Безжалостное и бесстрастное, время шло, и его нельзя было остановить. К тому же я никогда не выносила безделья. Когда я долго не играю, долго не готовлю новой роли, я себя чувствую как пианист, у которого ампутированы руки.

А на дворе стоял 1980 год. Год расцвета, год Московской олимпиады, год смерти Владимира Высоцкого. Мой возраст перевалил уже за восемьдесят. Надеяться на авось — опрометчиво, верить в то, что кто-то подберет для меня подходящую роль, — глупо.

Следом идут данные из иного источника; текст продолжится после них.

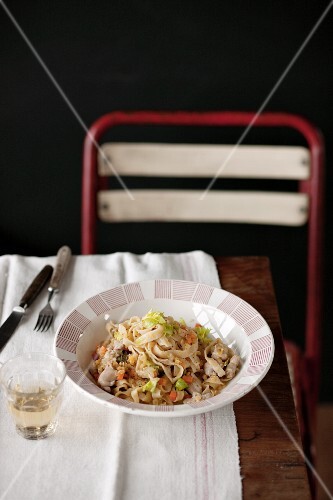 Fettuccine mit Kaninchenragout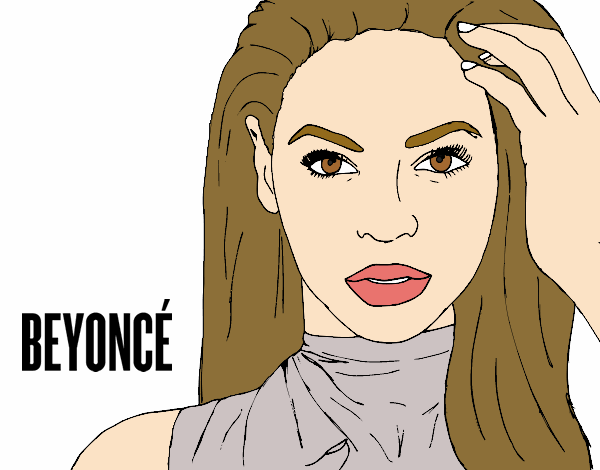 Desenho Beyoncé I am Sasha Fierce pintado por DudaReis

Человек сам должен быть творцом собственного счастья. Всю жизнь исповедуя этот принцип, я оставалась верна ему и в старости. Невольно мои мысли все чаще возвращались к Островскому. Творчество великого русского драматурга я знала хорошо и как читательница, и как актриса.

В его пьесах я была занята еще в начале двадцатых годов в Крыму, а затем — в Баку. В общей сложности я сыграла в пяти пьесах Островского, включая «Бесприданницу», и более к Островскому на сцене не возвращалась. Вероятнее всего, это происходило не по моей воле — просто не было подходящих ролей в тех театрах, где я служила или режиссеры, ставящие Островского, обходили меня стороной.

Пьесу Островского «Правда — хорошо, а счастье лучше» мне посоветовал один из знакомых, явно видевший меня в роли купчихи Барабошевой. Однако я сама остановилась на Филицате. Почему же я сделала такой выбор? Почему отказалась от главной роли в пользу эпизода? Что привлекло меня в Филицате? В первую очередь — добрый характер старой няньки и то добро, которое она несет людям.

Филицата — не «наемный сотрудник», как нынче принято говорить. Она — настоящий член семьи. За Поликсену Филицата переживает так, словно та ее родная внучка. И счастье своих любимцев Платоши и Поликсены она устраивает совершенно бескорыстно.

Я предложила поставить пьесу актеру и режиссеру Сергею Юрскому. Тот перечитал пьесу и согласился. Надо сказать, что трения у нас начались сразу. Не успел Сергей Юрьевич дать согласие на постановку, как я заявила ему, что если пьеса его не тронула, то и ставить ее не надо.